La cohésion sociale s'en trouve gravement menacée. Le chômage de masse s'installe, en même temps que la précarité pour des catégories de plus en plus nombreuses de la population, notamment les classes moyennes. Dans un tel contexte, il est aisé de constater un regain d'intérêt manifeste pour l'économie sociale et solidaire dans son rôle de « réparateur social ».

Au-delà, il est intéressant de porter un regard sur l'origine de l'économie sociale. La croyance en la capacité d'une économie sociale et solidaire de répondre à une exigence de justice et d'efficacité est une vieille utopie, portée par certains penseurs dès le XIXe siècle. La critique à l'encontre du laisser-faire allait alors de pair avec la crainte et le refus d'une économie administrée centralement.

L'économie sociale et solidaire investit ainsi des champs qui ne sont pas occupés par les acteurs économiques traditionnels. Plus humaine, elle crée des richesses tout en préservant l'environnement et les ressources naturelles durables.

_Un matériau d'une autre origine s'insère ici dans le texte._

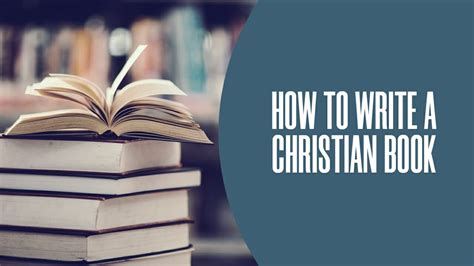 Image result for Creating Christ Book Review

Une première approche, assez répandue, attribue aux coopératives, mutuelles, associations et fondations qui constituent l'économie sociale et solidaire un rôle de complément de l'économie capitaliste de marché et d'aide à la reconstruction d'un lien social mis en danger par la crise.

L'ESS traduit également une volonté de se rapprocher des territoires. Je pense en particulier aux territoires ruraux qui, présentant des atouts indéniables en termes de qualité de vie, attirent une nouvelle population résidentielle.

L'avenir de ces territoires, nous le savons, dépendra de leur capacité à maintenir un lien social fort, à proposer une vie associative locale dynamique, ainsi que des services nouveaux et diversifiés. Ainsi, nous avons pu mesurer au cours de nos travaux et des nombreuses auditions que nous avons menées à quel point l'économie sociale et solidaire foisonne de projets qui peuvent sans aucun doute contribuer au désenclavement des territoires ruraux et favoriser l'installation des populations, en particulier des jeunes.

Au cours de ces mêmes auditions, nous avons aussi vu combien il serait réducteur d'appréhender l'économie sociale et solidaire principalement au travers d'une fonction de réparation sociale : elle constitue plus largement un secteur économique à part entière, créateur de richesses et porteur d'innovations, qui a pris une importance croissante ces dernières années. D'après les statistiques officielles, il représente 10 % de l'emploi en France, soit 2, 3 millions de salariés ire.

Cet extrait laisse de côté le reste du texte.